Record extracts: Begin

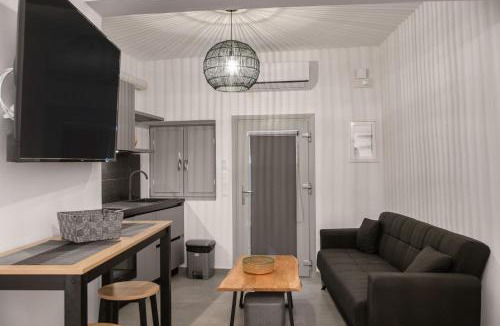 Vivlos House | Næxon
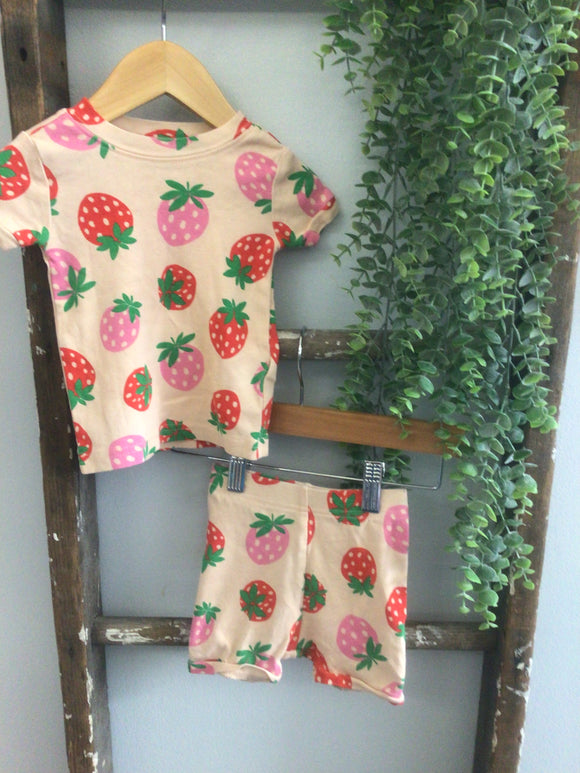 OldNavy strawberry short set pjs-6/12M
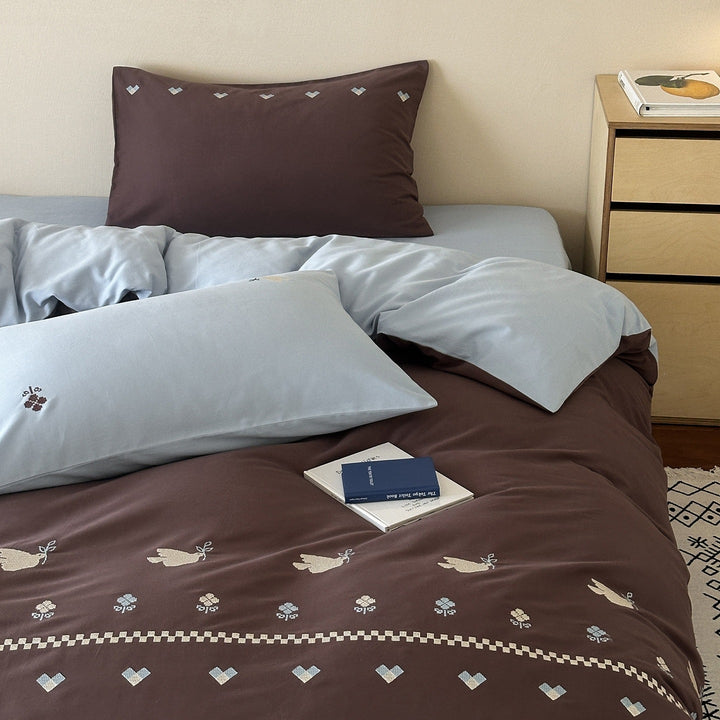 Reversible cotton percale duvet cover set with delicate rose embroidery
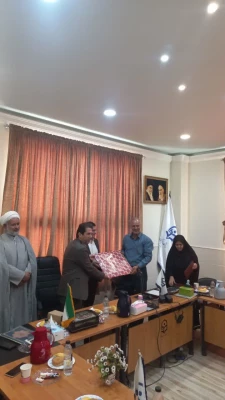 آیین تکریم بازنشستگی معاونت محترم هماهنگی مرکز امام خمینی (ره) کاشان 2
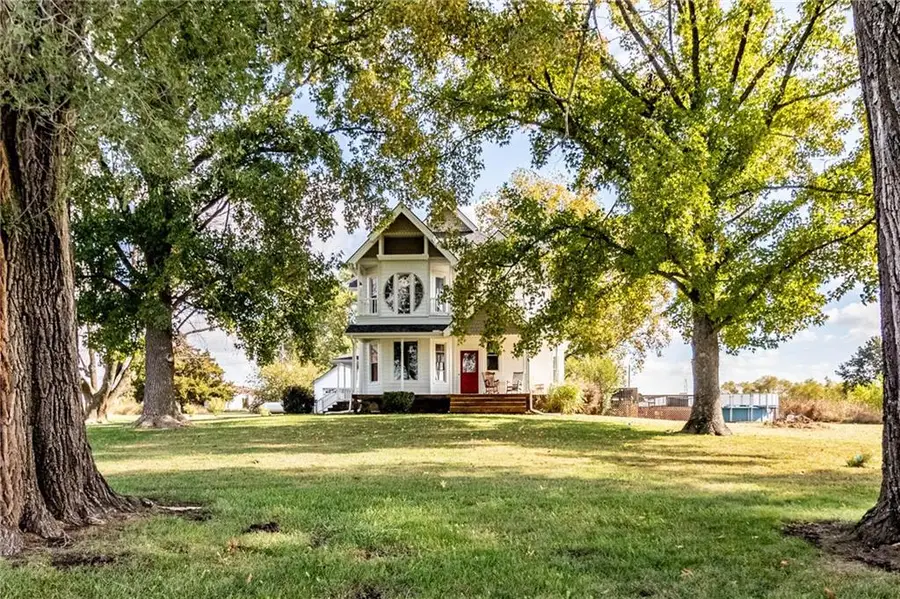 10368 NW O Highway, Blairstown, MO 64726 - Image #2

Record extracts: End
Record extracts: Begin

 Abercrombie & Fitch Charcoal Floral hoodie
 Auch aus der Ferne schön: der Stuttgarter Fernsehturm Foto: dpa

Record extracts: End
Record extracts: Begin

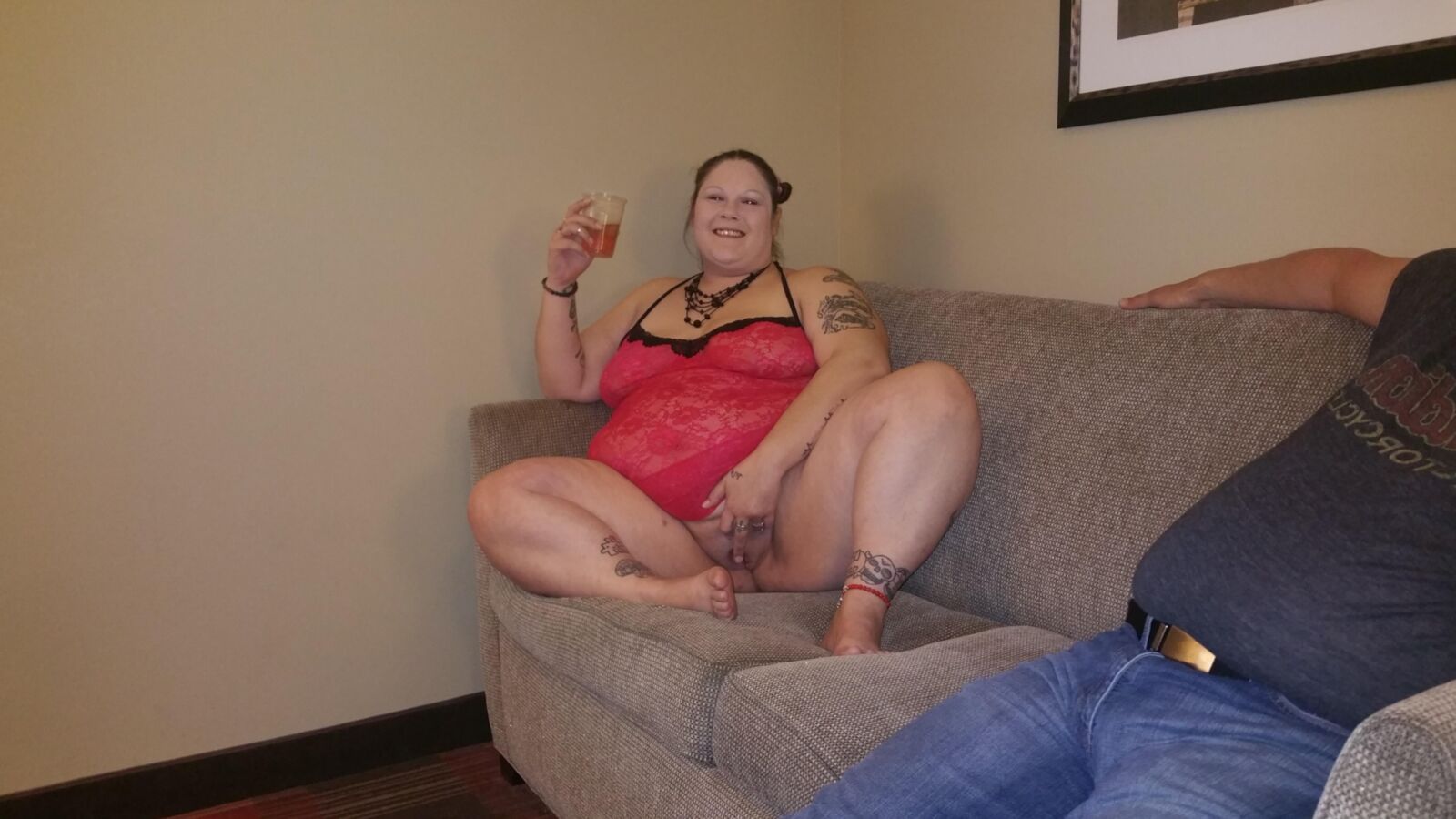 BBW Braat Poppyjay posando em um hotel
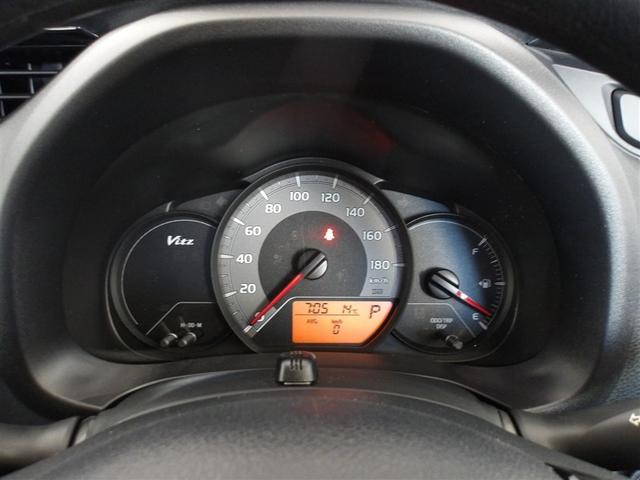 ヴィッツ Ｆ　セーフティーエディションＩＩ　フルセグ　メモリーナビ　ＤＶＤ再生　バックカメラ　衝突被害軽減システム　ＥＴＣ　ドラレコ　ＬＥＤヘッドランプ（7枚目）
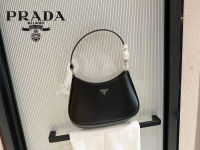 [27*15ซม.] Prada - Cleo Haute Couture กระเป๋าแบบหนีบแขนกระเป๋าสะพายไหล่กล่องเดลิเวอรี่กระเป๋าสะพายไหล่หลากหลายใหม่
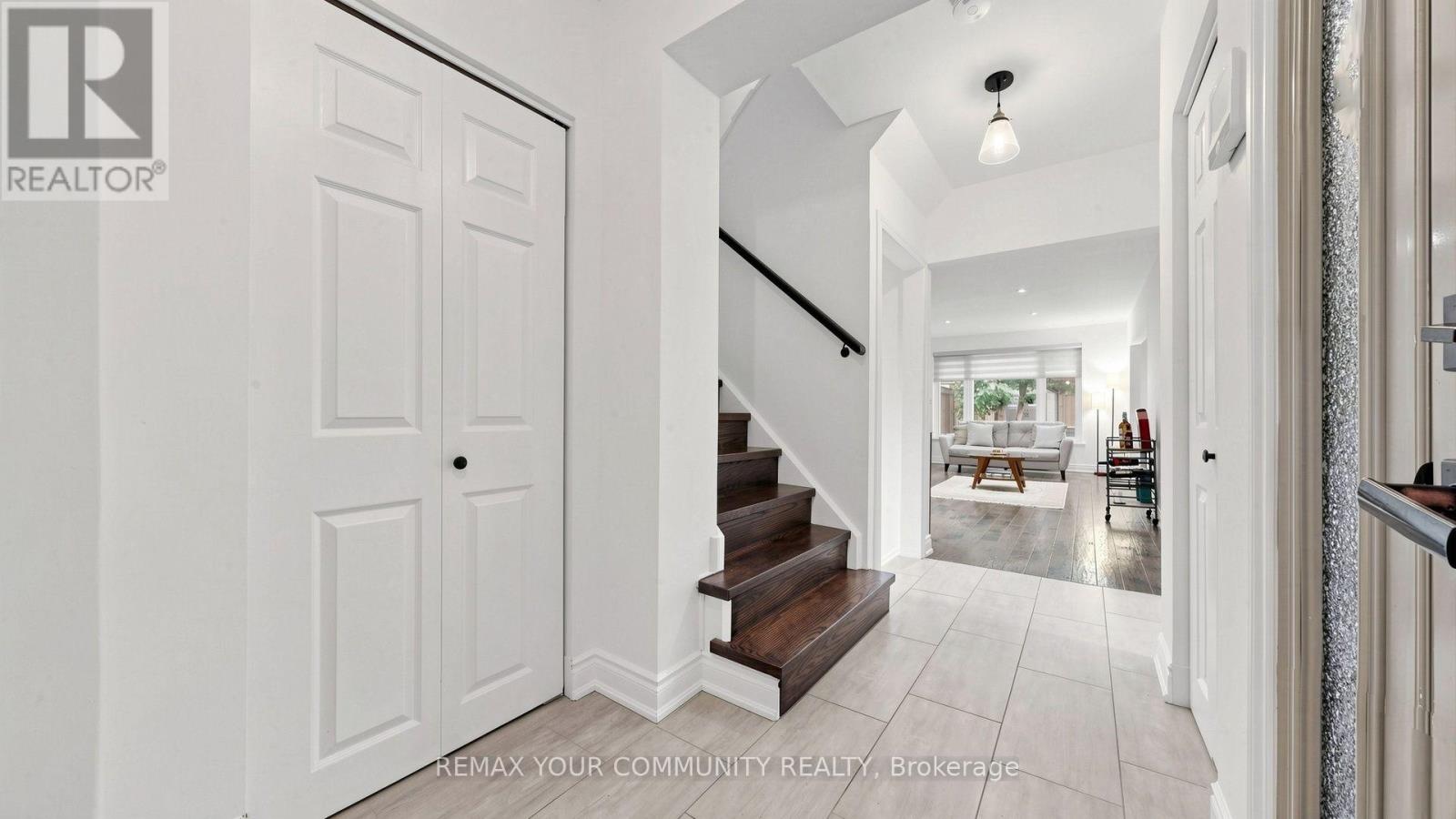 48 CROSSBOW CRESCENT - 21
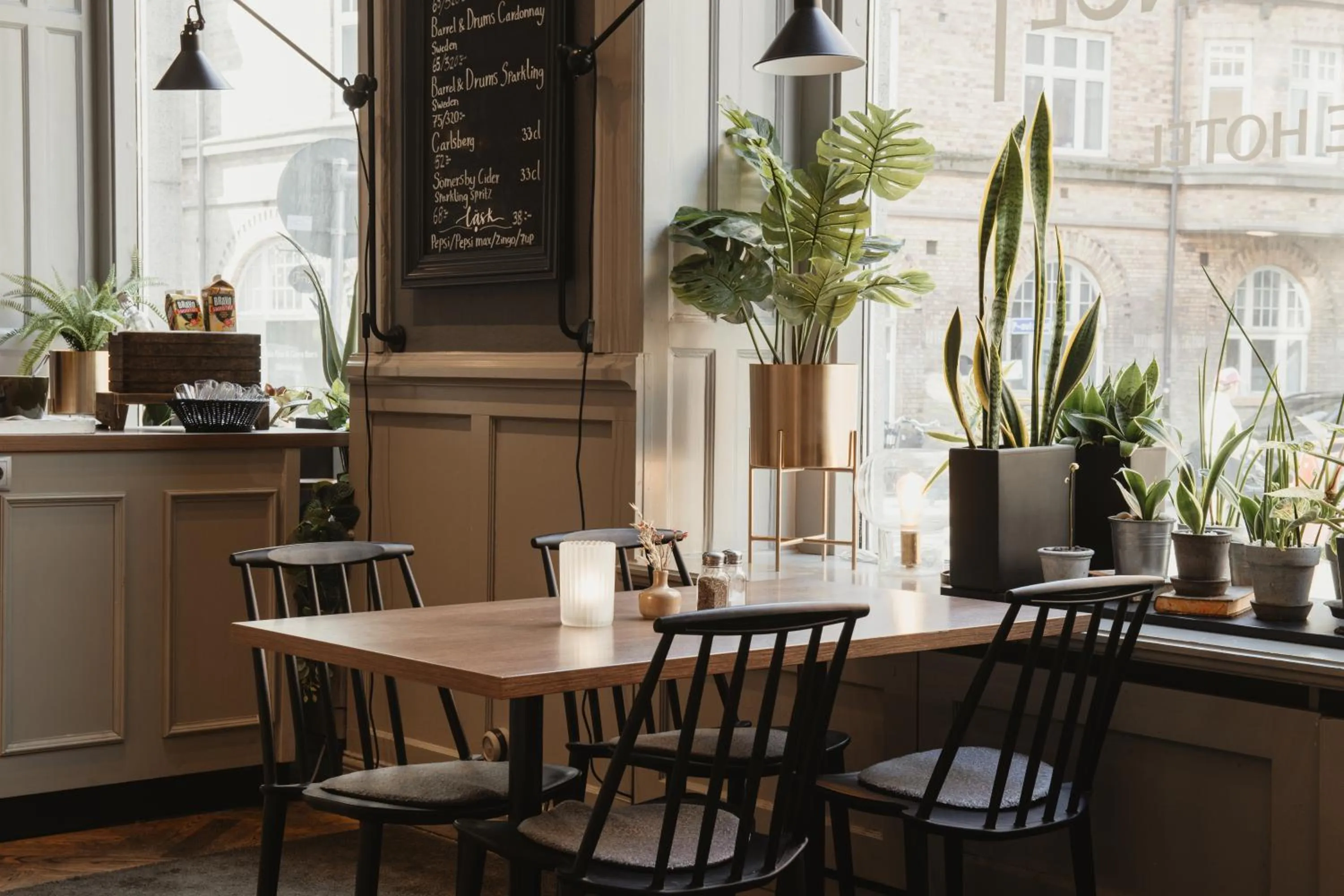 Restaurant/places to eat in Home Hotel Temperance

Record extracts: End

● Task statement
Write out word for word the lines above that run from the one with "آیین تکریم بازنشستگی" to the one with "10368 NW O Highway, Blairstown, MO". Include both end lines; exclude the images.

● Response to this exercise
 آیین تکریم بازنشستگی معاونت محترم هماهنگی مرکز امام خمینی (ره) کاشان 2
 10368 NW O Highway, Blairstown, MO 64726 - Image #2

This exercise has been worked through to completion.